Non più la guerra, ma la fame: la striscia palestinese diventa teatro di una tragedia silenziosa e senza rimedio, fra ipocrisie internazionali e rifiuto del contatto umano.

Assai più di Tel Aviv, la cd. collina della primavera, Gaza, la fiera e la forte, la sta superando in appeal e c’è il rischio che un giorno diventi assai più gettonata turisticamente della città di grido di Israele. Sarà così quando si riscostruirà, per fantasia di alcuni, secondo progetti avveniristici o perché sarà lasciata come è ora, restando per sempre la testimonianza degli effetti di una guerra.
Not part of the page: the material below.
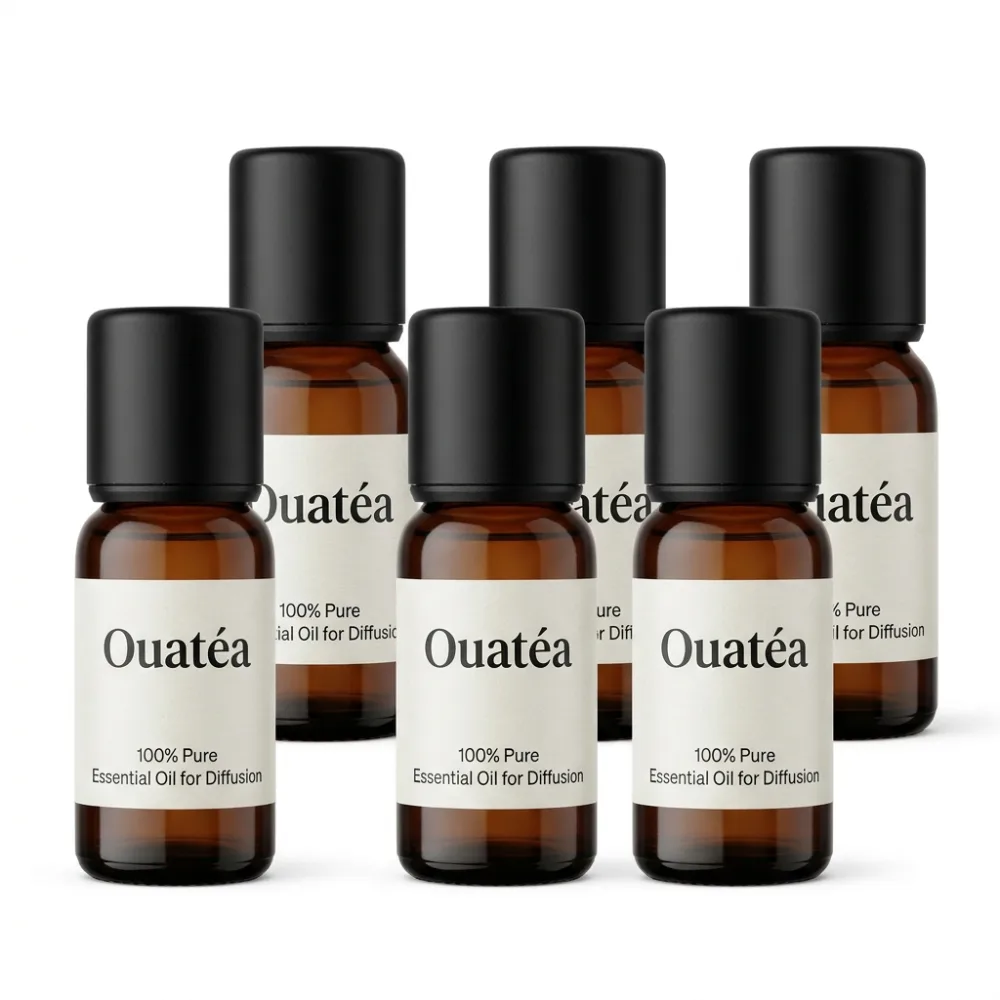 Coffret d'huiles essentielles bio (lot de 6)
Nella seconda ipotesi, altri esempi al mondo di quello che hanno accolto bombe ed altri ordigni similari in quantità industriali non ce ne sono e neppure ne verranno. La mania degli uomini è sempre quella di rimettere tutto a posto. Invece Gaza potrebbe essere il magnifico cimelio di ciò che un tempo le è accaduto.

Una città che resiste nel tempo

Quella terra è destinata comunque a far per sempre parlare di sé. Se la sfolleranno resterà deserta, conservando l’odore acre della polvere delle armi che non avrà chi lavarla da dove si è posata.

In caso voglia avviarsi, al contrario, una ricostruzione da lasciare stupiti, si emulerà un progetto alla Las Vegas, un esempio di singolare gioia sulle fondamenta di migliaia di morti.

Da quelle parti la guerra è passata in second’ordine. Non sono raffiche di mitra o la marcia di carri armati o i fallimenti di una intesa di pace a far parlare della questione. Sarà iscritta nella “Hall the fame” della Storia per un altro motivo.

Ora è la fame a fare gazzarra a pieni polmoni, si è imposta sulla scena senza il fuoco di un colpo di pistola per farsi largo tra le pance dei suoi abitanti che hanno imparato a nutrirsi dell’aria che passa. Sempre più spesso a qualcuno rimane indigesta e ci lascia la pelle.

“Non è questo il mio nido Ove nudrito fui sì dolcemente?” poetava il Petrarca che se oggi passasse da quelle parti si direbbe di aver sbagliato tutto o almeno il luogo a cui affidare i suoi versi.

Per avere la coscienza a posto la comunità internazionale si dà scandalo per la mal nutrizione incombente che qualcuno osa chiamare carestia, una mancanza di grazia alla quale va aggiunto l’aggettivo “alimentare” per far intendere bene che non si tratta di questioni di spirito ma di stomaco.

 

Unelemosina lanciata dallalto

Ci sono conti che non tornano. Le nazioni del mondo e le organizzazioni internazionali, non ultima l’ONU, denunciano una situazione che non può andare più avanti in questo modo.

Gli Israeliani chiariscono di non avere responsabilità al riguardo. È la mafia di Hamas che sequestra gli aiuti di cibo imbastendone un mercato nero, facendo in modo di ingozzare, fino ad essere satolli, l’odio per il popolo eletto. È sempre Hamas che spara sulla folla che è in fila per un boccone di pane dando colpa al nemico e viceversa.

Si muore comunque forse di più per un buco nello stomaco ma non è a causa di proiettili vaganti. Anche i pensieri di quella gente hanno smesso di avere paura, dalla fame non si può scappare e quindi tanto vale restare dove sono.

Non è chiaro come sia possibile che la forza degli eserciti di tutti quelli che protestano nel mondo non sia almeno in grado di assicurare la distribuzione ordinata di un rancio agli impavidi che hanno deciso di sopravvivere.

Non si parla di una chissà quale operazione di Peace Keeping ma di presidiare soltanto aree in cui la gente possa riempirsi in modo ordinato la pentola per la giornata.

Sembra si stia invece adottando una soluzione ipocrita quanto inutile. Dall’alto del cielo pioveranno derrate, che saranno preda comunque di chi comanda su quella terra o che al meglio scateneranno una lotta tra loro di disperati per arraffare la speranza di arrivare forse al giorno dopo.

 

Dall’alto verso il basso

Si ha l’impressione di un timore a contaminarsi con quella plebe dabbasso, come non si voglia avere nessun contatto con i Gazawi che hanno qualcosa di repellente da cui debitamente guardarsi.

Dall’alto verso il basso, dal cielo verso terra è il gesto di una elemosina che racconta di non aspettarsi altro, di non eccedere in confidenza, di non illudersi di essere sullo stesso piano. Neanche la gazza ladra rischia di volare da quelle parti non sapendo cosa beccare. Lì anche la stessa Fame, per lo schifo, ha perso appetito.